Seriously, though, I agree with both Sanford and Scalzi. But I’d like to add a few points, re-emphasize a couple of others, about sending requests to writers.
- Some writers supplement their income with critique or teaching services, so it’s unreasonable to expect them to read your work for free. My own policy is, with a few exceptions, to expect payment for services rendered, when those services are going to take more than 15 to 30 minutes of my time. It’s different in situations where I’m just skimming in order to offer advice about agents and the like. (But in these cases, it certainly helps if you come with a referral from someone I know, rather than just out of the blue.)
- The chance a writer will respond to you depends not just on workload but on how much email they receive from readers already.
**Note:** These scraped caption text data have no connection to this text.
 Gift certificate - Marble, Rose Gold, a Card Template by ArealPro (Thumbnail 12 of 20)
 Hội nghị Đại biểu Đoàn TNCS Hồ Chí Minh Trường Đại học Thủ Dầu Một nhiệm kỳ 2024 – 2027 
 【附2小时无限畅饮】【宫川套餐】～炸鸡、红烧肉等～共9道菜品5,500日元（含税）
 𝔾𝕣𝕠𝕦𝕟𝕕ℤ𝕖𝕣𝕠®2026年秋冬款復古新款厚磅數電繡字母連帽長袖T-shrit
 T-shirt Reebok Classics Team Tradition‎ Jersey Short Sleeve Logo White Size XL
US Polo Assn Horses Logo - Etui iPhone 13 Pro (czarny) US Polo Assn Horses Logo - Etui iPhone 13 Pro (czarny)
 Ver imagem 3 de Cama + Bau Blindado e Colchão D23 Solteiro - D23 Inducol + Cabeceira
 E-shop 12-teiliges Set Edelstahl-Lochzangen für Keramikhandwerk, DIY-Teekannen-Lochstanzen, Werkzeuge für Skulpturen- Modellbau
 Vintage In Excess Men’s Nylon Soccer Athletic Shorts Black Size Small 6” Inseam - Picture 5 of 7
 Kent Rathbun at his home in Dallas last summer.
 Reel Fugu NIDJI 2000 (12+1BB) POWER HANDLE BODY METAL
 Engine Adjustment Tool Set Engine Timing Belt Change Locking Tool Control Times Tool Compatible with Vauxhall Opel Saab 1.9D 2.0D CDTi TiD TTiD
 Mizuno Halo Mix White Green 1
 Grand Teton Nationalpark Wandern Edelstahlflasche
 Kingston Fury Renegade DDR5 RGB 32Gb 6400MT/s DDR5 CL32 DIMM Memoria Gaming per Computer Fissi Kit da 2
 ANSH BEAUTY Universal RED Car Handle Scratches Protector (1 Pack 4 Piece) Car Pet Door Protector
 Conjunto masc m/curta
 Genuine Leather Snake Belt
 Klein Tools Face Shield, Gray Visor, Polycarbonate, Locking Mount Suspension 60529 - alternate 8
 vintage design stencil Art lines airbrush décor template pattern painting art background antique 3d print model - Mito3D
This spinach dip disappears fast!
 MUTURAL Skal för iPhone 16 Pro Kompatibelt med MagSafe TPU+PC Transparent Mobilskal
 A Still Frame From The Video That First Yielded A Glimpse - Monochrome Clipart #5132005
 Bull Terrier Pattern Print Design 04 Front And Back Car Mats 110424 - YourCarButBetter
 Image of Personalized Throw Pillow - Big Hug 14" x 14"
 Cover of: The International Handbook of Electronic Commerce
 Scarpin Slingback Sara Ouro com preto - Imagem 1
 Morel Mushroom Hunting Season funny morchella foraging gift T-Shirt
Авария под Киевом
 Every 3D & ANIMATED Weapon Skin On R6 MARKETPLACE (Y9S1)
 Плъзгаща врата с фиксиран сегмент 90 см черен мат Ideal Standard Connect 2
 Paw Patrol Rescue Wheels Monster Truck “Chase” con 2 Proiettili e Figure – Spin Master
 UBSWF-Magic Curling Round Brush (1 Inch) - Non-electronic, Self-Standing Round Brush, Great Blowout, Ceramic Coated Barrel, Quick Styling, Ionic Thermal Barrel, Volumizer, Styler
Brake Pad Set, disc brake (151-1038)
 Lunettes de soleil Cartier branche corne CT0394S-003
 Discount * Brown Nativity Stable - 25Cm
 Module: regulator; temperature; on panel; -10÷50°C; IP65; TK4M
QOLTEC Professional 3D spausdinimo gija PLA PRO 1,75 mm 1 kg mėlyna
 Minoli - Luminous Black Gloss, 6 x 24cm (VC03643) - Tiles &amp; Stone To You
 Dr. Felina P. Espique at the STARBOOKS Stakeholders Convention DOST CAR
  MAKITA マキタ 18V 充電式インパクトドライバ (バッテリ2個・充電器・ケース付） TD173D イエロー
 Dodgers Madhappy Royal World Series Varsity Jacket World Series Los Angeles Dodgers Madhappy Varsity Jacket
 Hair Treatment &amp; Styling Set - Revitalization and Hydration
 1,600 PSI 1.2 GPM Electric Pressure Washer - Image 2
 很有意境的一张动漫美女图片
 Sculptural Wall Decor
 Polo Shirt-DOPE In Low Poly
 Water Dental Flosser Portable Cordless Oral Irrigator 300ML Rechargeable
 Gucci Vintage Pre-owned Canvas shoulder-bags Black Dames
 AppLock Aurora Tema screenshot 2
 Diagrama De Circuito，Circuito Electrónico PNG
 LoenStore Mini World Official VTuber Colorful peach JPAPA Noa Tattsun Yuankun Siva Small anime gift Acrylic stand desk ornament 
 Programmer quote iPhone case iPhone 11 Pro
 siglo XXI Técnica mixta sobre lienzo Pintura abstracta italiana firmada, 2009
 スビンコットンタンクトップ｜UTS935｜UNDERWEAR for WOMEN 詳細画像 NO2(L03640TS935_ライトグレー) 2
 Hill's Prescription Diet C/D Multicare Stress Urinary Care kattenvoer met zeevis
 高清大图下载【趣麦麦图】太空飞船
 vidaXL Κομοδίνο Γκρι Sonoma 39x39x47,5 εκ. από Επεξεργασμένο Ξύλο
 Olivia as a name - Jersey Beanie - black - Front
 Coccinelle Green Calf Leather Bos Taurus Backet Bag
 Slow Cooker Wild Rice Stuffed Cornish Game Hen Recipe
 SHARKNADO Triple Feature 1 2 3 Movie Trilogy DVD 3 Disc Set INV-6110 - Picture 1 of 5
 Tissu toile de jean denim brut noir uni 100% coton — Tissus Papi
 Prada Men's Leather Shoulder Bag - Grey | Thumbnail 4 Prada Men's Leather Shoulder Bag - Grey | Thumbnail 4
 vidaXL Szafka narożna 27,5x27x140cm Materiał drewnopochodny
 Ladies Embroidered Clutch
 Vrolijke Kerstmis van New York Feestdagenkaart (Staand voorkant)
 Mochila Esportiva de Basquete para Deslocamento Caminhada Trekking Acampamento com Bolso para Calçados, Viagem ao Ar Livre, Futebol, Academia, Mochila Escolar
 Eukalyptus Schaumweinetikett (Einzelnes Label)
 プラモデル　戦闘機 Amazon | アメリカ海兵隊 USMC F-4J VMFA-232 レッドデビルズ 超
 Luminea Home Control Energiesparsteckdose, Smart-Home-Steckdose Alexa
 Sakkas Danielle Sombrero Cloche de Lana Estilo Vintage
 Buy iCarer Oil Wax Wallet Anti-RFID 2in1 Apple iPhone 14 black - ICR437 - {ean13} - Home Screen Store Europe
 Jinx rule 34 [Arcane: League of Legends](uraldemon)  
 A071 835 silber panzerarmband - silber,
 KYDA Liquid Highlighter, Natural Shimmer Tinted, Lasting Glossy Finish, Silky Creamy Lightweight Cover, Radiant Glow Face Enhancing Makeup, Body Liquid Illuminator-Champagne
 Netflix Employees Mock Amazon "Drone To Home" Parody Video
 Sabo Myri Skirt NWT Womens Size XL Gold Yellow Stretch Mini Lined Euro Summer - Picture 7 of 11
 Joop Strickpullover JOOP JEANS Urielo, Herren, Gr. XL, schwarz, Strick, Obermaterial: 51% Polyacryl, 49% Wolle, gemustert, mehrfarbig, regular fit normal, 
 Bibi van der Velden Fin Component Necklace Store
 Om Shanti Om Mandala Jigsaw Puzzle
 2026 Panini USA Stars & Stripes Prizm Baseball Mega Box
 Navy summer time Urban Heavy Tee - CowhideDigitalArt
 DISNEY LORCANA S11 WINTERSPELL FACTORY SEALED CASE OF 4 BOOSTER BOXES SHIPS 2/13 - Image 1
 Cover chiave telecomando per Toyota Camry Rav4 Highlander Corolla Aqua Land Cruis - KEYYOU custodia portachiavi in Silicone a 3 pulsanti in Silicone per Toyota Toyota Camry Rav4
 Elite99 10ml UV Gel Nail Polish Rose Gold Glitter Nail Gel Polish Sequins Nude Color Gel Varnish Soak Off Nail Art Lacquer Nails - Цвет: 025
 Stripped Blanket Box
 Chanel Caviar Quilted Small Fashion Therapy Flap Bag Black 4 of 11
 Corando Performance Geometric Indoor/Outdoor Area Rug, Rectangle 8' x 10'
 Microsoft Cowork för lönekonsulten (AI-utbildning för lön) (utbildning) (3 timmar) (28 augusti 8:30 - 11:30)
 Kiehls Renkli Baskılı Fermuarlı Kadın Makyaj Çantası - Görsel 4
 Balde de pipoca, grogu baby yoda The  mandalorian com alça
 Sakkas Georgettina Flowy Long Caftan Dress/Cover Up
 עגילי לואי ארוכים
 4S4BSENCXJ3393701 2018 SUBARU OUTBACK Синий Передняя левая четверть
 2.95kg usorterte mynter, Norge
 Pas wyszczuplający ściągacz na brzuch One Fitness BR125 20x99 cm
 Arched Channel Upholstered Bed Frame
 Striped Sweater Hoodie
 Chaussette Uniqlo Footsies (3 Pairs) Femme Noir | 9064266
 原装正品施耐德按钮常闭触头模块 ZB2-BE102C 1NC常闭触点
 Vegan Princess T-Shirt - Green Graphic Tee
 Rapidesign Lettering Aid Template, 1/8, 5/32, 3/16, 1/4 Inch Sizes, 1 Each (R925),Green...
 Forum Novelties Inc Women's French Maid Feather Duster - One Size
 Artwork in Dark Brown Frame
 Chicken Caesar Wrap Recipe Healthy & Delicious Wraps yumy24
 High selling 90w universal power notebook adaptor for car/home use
Not including professional correspondence with people I already know (probably 700 to 1,000 emails a week), I get probably about 10 to 15 emails from readers a week, plus another 10 to 12 requests for something, plus another dozen queries from editors, interviewers, and then another 20 or so emails via Facebook, etc. That’s a lot to deal with. Imagine being Neil Gaiman and getting, probably 200 emails a day of that nature, plus all of his normal daily correspondence. So, pick your spots.
- Don’t expect me to write your research paper for you. I get a fair number of students who expect me to answer very general questions about my work so they can finish their research papers. I don’t mind a couple of specific questions, but something like “Can you explain what you were trying to do with City of Saints?” is tiresome and lazy. This pisses me off more than anything, frankly.
- Understand that silence from me, or any writer, might mean I didn’t have time or the email didn’t go through. Because I get so much email to my hotmail account, I suggest a polite follow-up in two or three weeks. Sometimes I meant to respond and just got caught up in things.
- Be as specific in your request as possible, and show that you’re a professional in your mindset. By this I mean, if you query me or any writer with something along the lines of “I’ve written 10k of a novel and I love your work and here it is, I thought you could tell me I’m on the right track,” I’m going to ignore that. If you say “I’ve finished a novel. Here’s a brief summary. I’ve researched agents and narrowed it down to X, Y, and Z” and then ask something specific, hey, I might answer that.
But there’s another point that’s not really been brought up. I respond to a high percentage of queries and requests because it’s beneficial to me. For better or worse–sometimes I think people take me for granted as a result–I don’t see the professional writer as up on a hill somewhere with the peons all down below. I see the spectrum of experience as a hierarchy, yes, and one that needs to be respected in many ways, but not in terms of the crosspollination that occurs from interacting with new and emerging writers.
In other words, I get a great deal of benefit from keeping my finger on the pulse of what’s going on out there. As I’ve remarked before, having a sense of who is coming up through the ranks, discovering an amazing manuscript, or whatever–these things are not just ways of paying back to the community, they’re ways of keeping myself plugged in to what’s relevant. And, several times, I’ve been happy to find that people have actually appreciated what I’ve done and helped me out, too. I would hate to lose that connectivity and that synergy by putting too high a wall between myself and other writers.
In short, one way of paying back and being a useful member of the community is using your leverage on other people’s behalf (something Scalzi does on a regular basis, btw). Sometimes I’m too busy to be of use. Sometimes I just need down time. But we are a community, and it’s important to remember that.